Until now, Energy Secretary Jericho Petilla has not presented any “convincing piece of document” to support his alarmist warnings on a possible energy crisis.
“DoE and for that matter, Malacañang has not yet produced any basis, like a technical study or analysis, on why will there be an electricity crisis in 2015,” Romualdez said. “Or on how did they arrive at the maximum 1,004-megawatt shortage which the President himself warns against in the resolution.
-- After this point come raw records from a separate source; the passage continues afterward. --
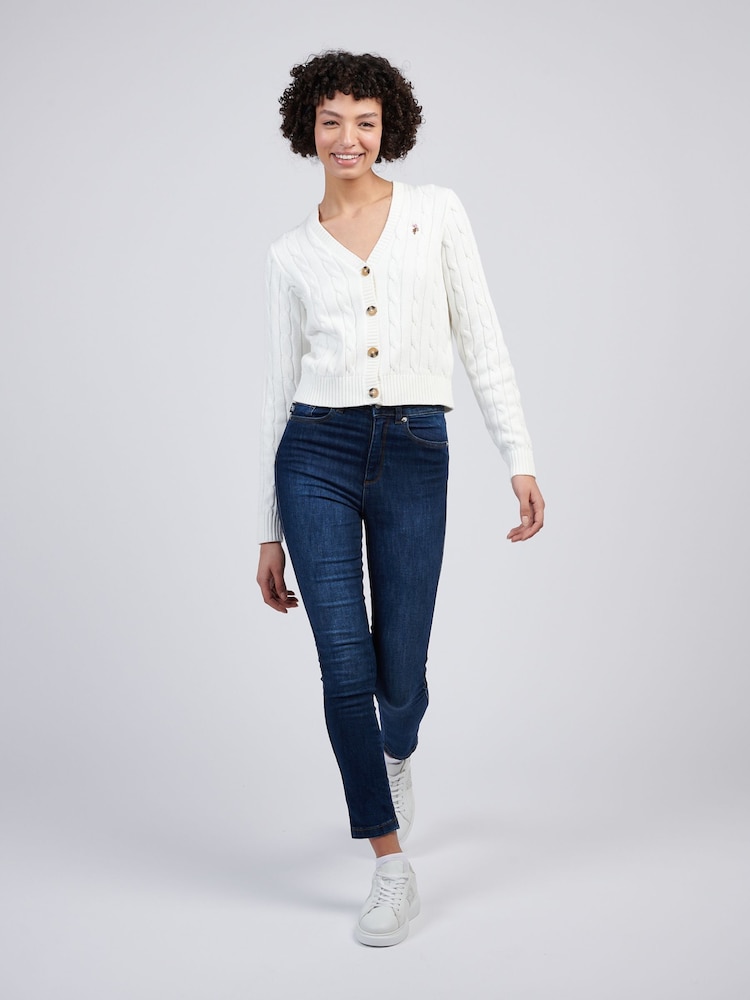 Buy Polo White Cable Knit Womens Cropped Cardigan from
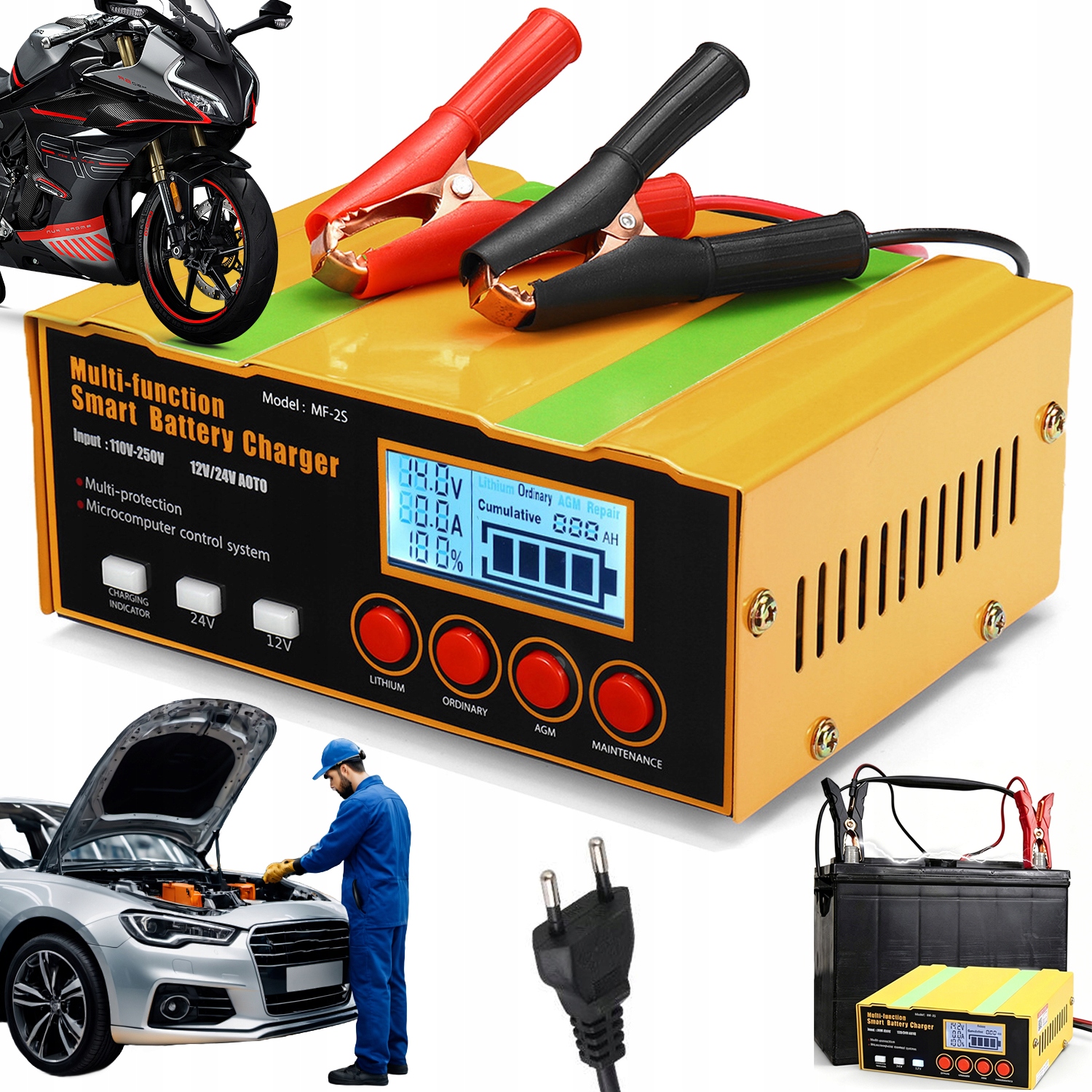 Výkonný Usměrňovač Pro Akumulátor LCD 12V 24V 12A, Funkce Opravy, Nabíječka
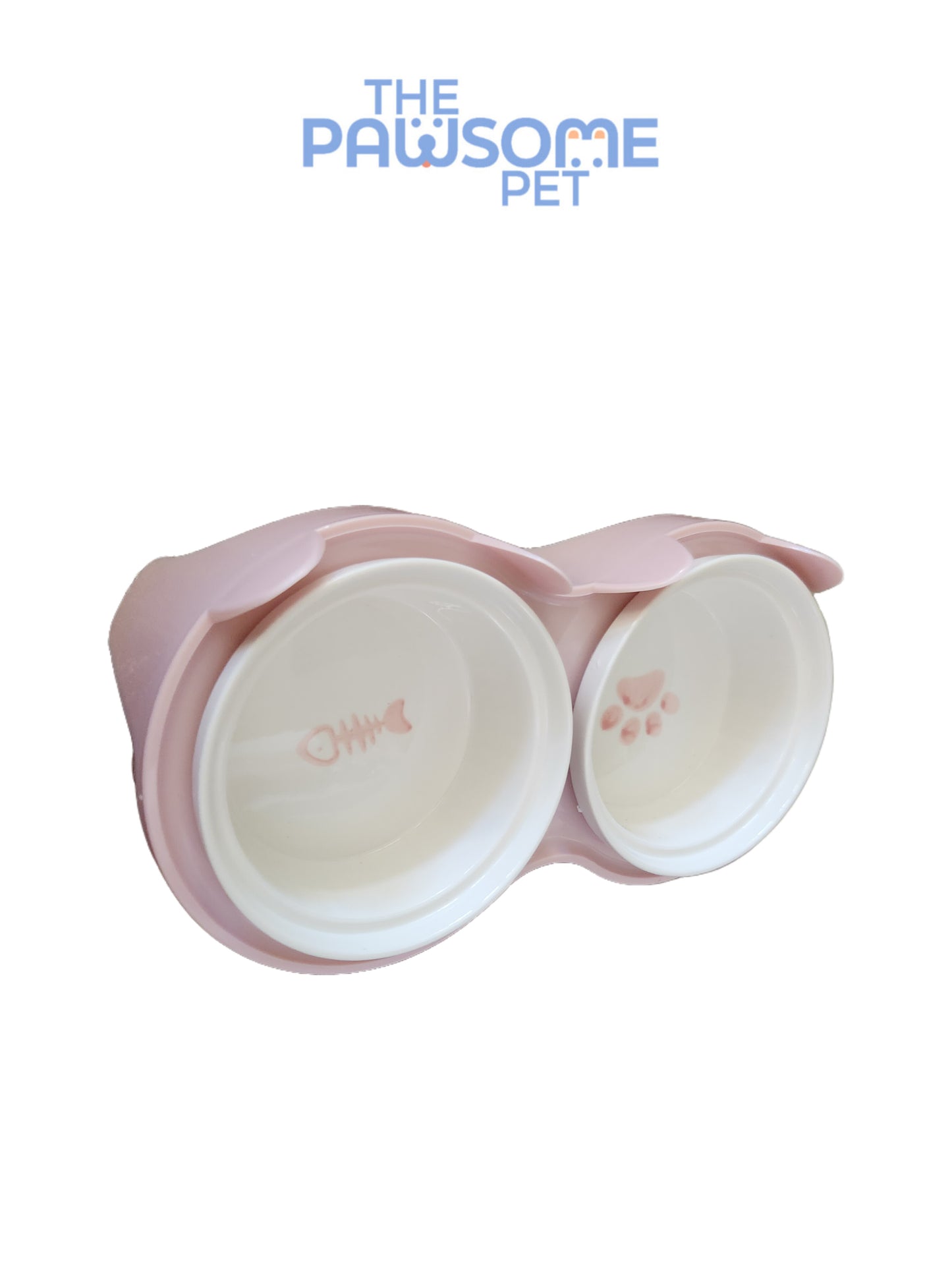 Pawsome's double ceramic bowl in plastic base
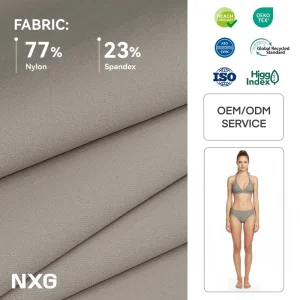 Knit Fabric for Bikini Tops 77% Nylon 23% Spandex Moisture Wicking Anti UV 165GSM Pantone Match
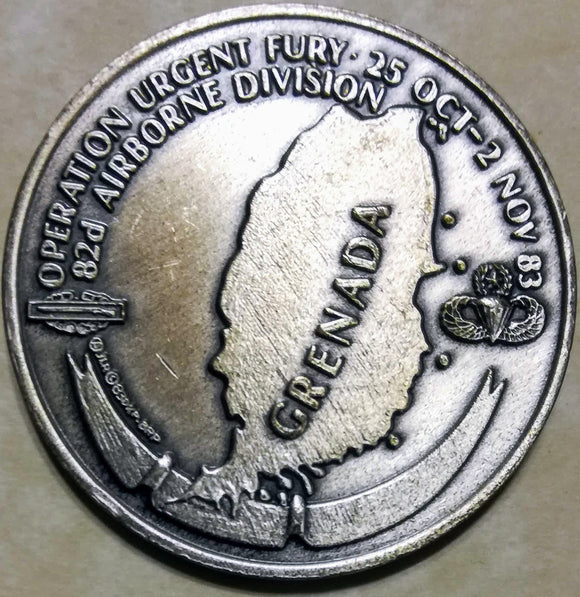 Operation Urgent Fury 82nd Airborne Division Grenada H-Minus 505 Army Challenge Coin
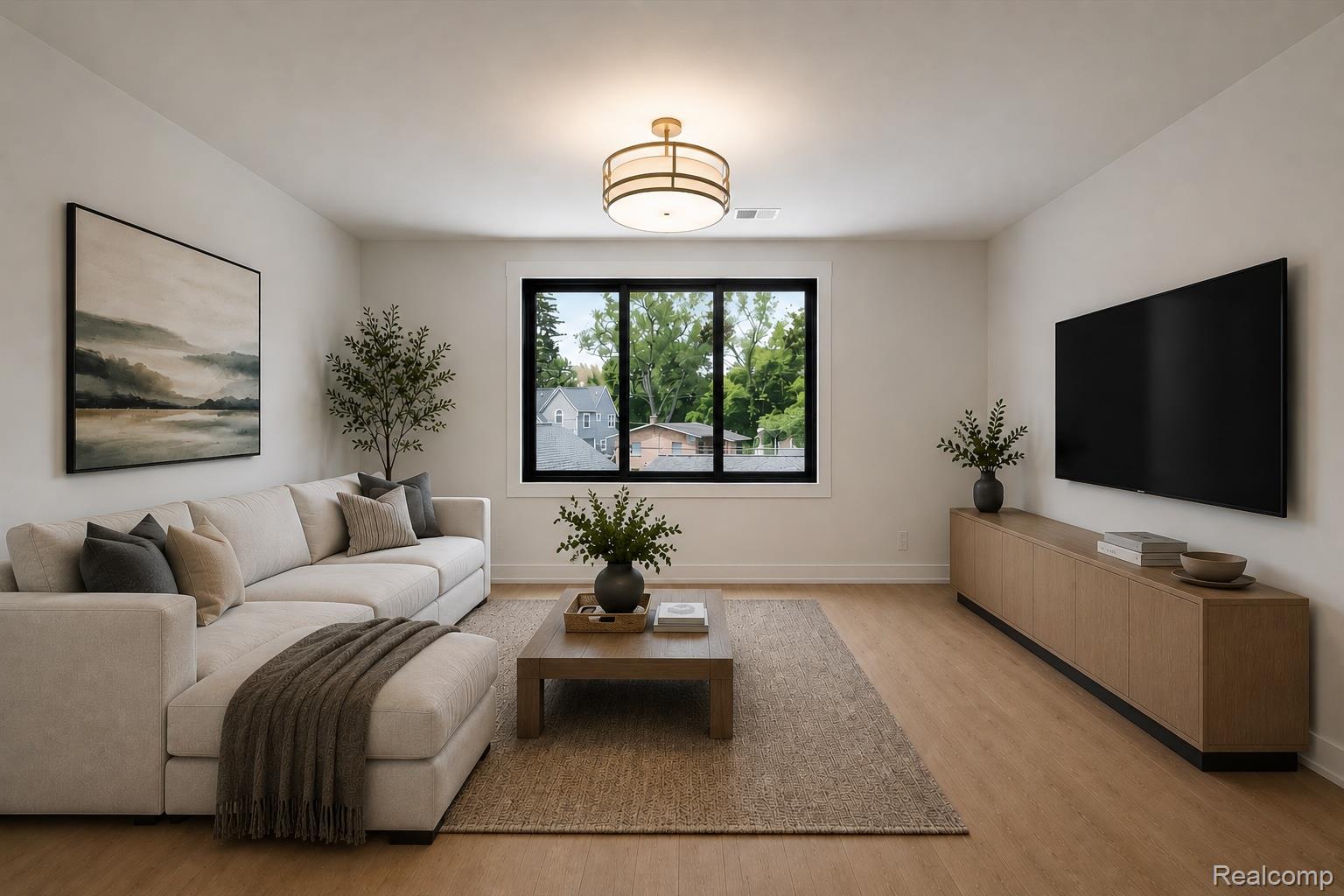 347 Highland Avenue Rochester, MI 48307 - Photo 39 of 59 Bright living space featuring wood-finish flooring, a contemporary black-framed window, and a drum-style ceiling light fixture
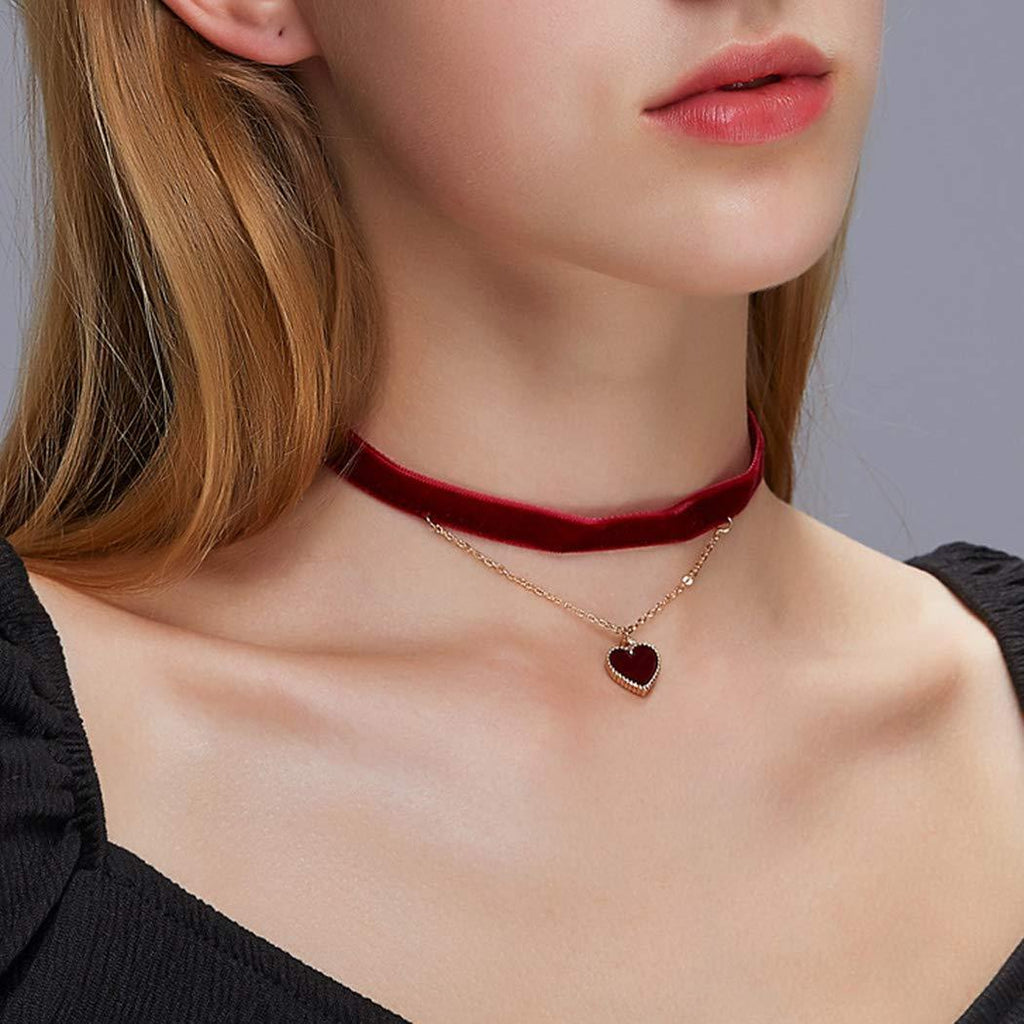 [Australia] - TseenYi Satin Ribbon Necklace Choker Layering Heart Pendant Necklace Chain Short Boho Clavicle Chain Necklace Jewelry for Women and Girls (Red) Red 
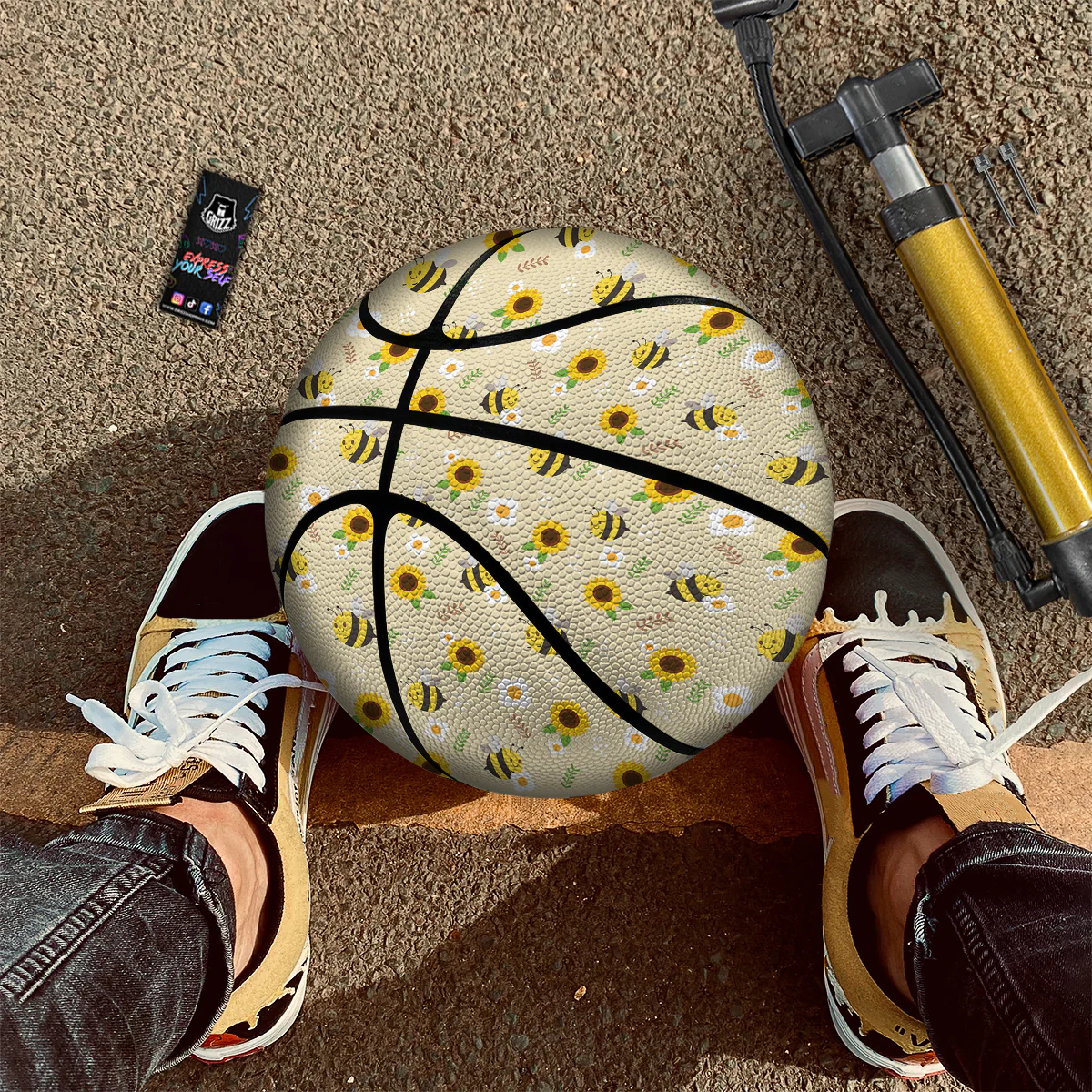 Bee Cute Cartoon Print Pattern Basketball - Image 2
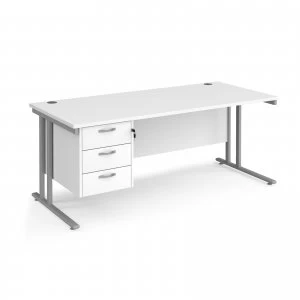Image of Maestro 25 SL Straight Desk With 3 Drawer Pedestal 1800mm - Silver can
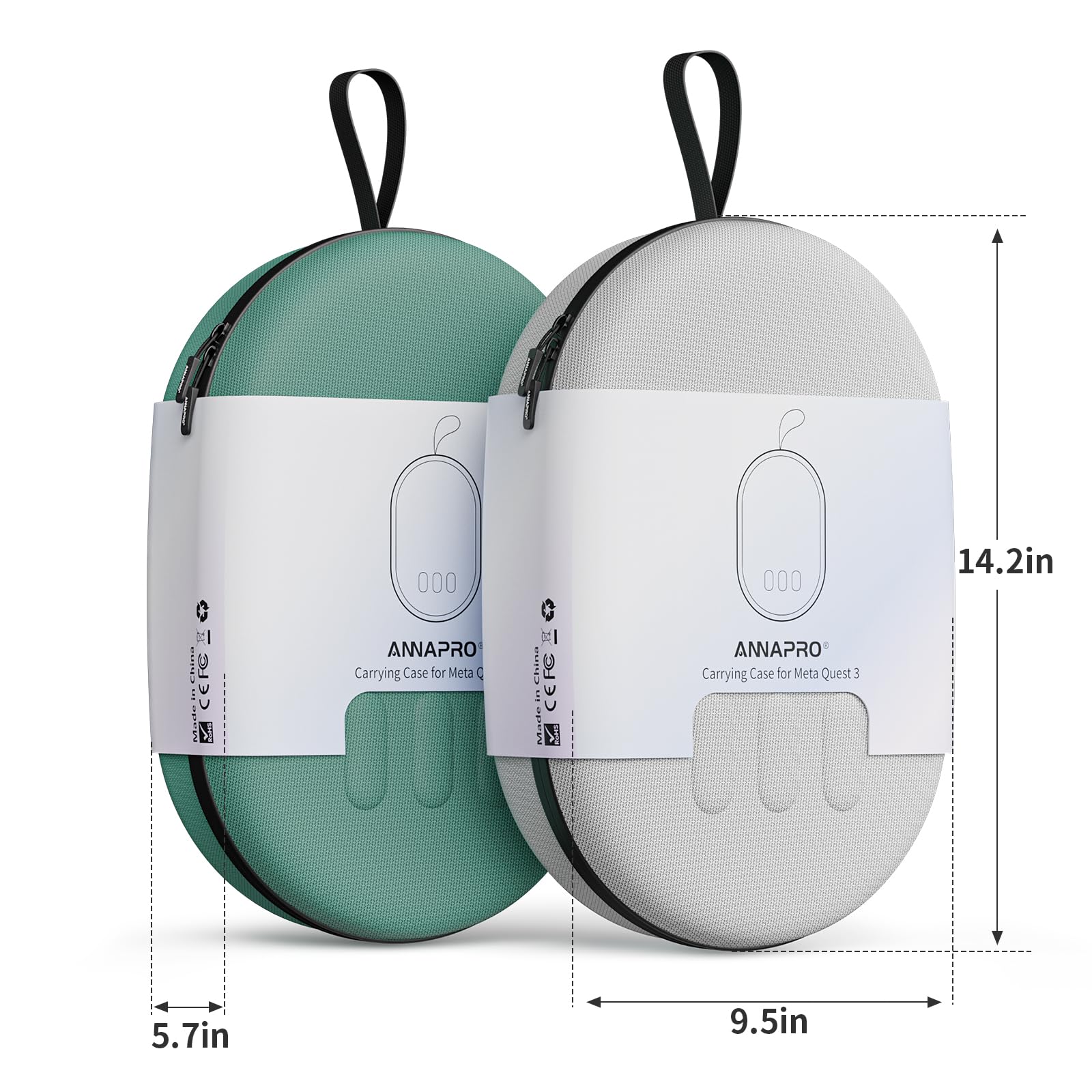 annapro Tragetasche für Meta Quest 3, kompatibel mit Quest 3 Headset mit Elite-Gurt, Controllern und anderem Zubehör, Hartschalentasche und überlegener Schutz für Reisen, Dunkelnachtgrün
On the contrary, we all heard DoE officials admit in one of our hearings that there is no forthcoming electricity crisis,” he added.
The House of Representatives has started deliberating on the plenary the Joint Resolution No. 21 granting President Benigno Aquino III a special authority to allow government to establish additional generating capacity to resolve the looming power crisis.
Petilla earlier warned that consumers in Luzon will experience rotating brownouts during the summer months of 2015 due to the 1,004-megawatt shortage, of which 600 MW are needed as required dispatchable reserve, and 401 MW for required contingency reserves.
President Aquino, in a letter sent to Speaker Feliciano Belmonte, Jr. dated November 27, 2014, asked Congress for the “immediate” passage of the HJR 21 to “adequately resolve this emergency through the expeditious acquisition of additional power generating capacities to be used during the anticipated period of deficient energy supply.”
But Romualdez demanded an explanation from the Energy Department on how it came up with the maximum 1,004 MW shortage being pegged by the Energy Department.
“What is coming is only a thinning of reserves by a maximum of 30 plus megawatts, and not the 1,004 megawatts which Malacañang now claims in the resolution,” Romualdez said.
“In other words, the sole basis we know of the supposed forthcoming electricity crisis are only the words of President Aquino III and the DOE,” he added.
The Independent solons, like the people, wanted to know the truth of the looming power crisis.
The President earlier said “a critical energy situation will pose a tangible threat to the country’s developing economy and will hinder the delivery of basic social services to the detriment of the general welfare of the people.”
The House is expected to pass HJR 21 before Congress adjourns during the Holiday beginning December 19.
The joint resolution provides “additional generating capacity shall be sourced from the Interruptible Load Program (ILP), fast tracking of committed projects, and plants for interconnection and rehabilitation.”
Under the ILP program, malls, factories and other establishments will be allowed to use their own generator sets when the National Grid Corporation of the Philippines expects the supply of electricity to fall short of demand.